### Problem to work on
After locating the line that contains "Sh000ad Retro Bambus" in the material below, copy that line and each one following it, exactly, up to the last line. Pictures stay out.

Information supplied START

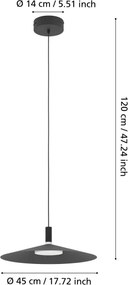 Eglo 902183 - Lampă suspendată LED RGBW reglabilă CONOMAVILLA-Z LED/15,5W/230V neagră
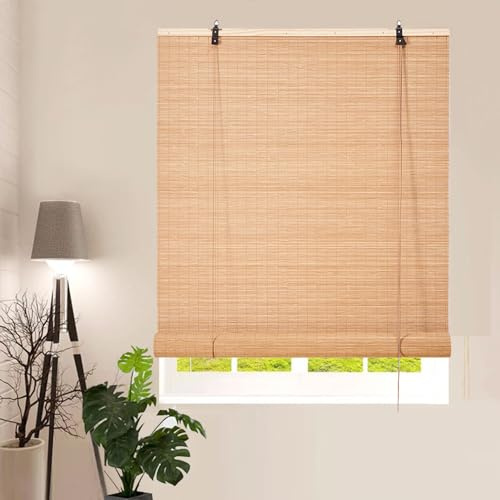Sh000ad Retro Bambus Rollo Bohren,Raffrollos Bambus Vorhang,Naturholz Jalousie,Verdunkelungsrollos Für Türen & Fenster,Sonnenschutz Sichtschutz,Anpassbar,Breite x Höhe (70cm x 190cm)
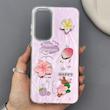 قاب گوشی Galaxy A35 سامسونگ لیزری فانتزی گل برجسته لیلیوم لاکچری TPU رنگ صورتی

Information supplied END

### Task output
Sh000ad Retro Bambus Rollo Bohren,Raffrollos Bambus Vorhang,Naturholz Jalousie,Verdunkelungsrollos Für Türen & Fenster,Sonnenschutz Sichtschutz,Anpassbar,Breite x Höhe (70cm x 190cm)
 قاب گوشی Galaxy A35 سامسونگ لیزری فانتزی گل برجسته لیلیوم لاکچری TPU رنگ صورتی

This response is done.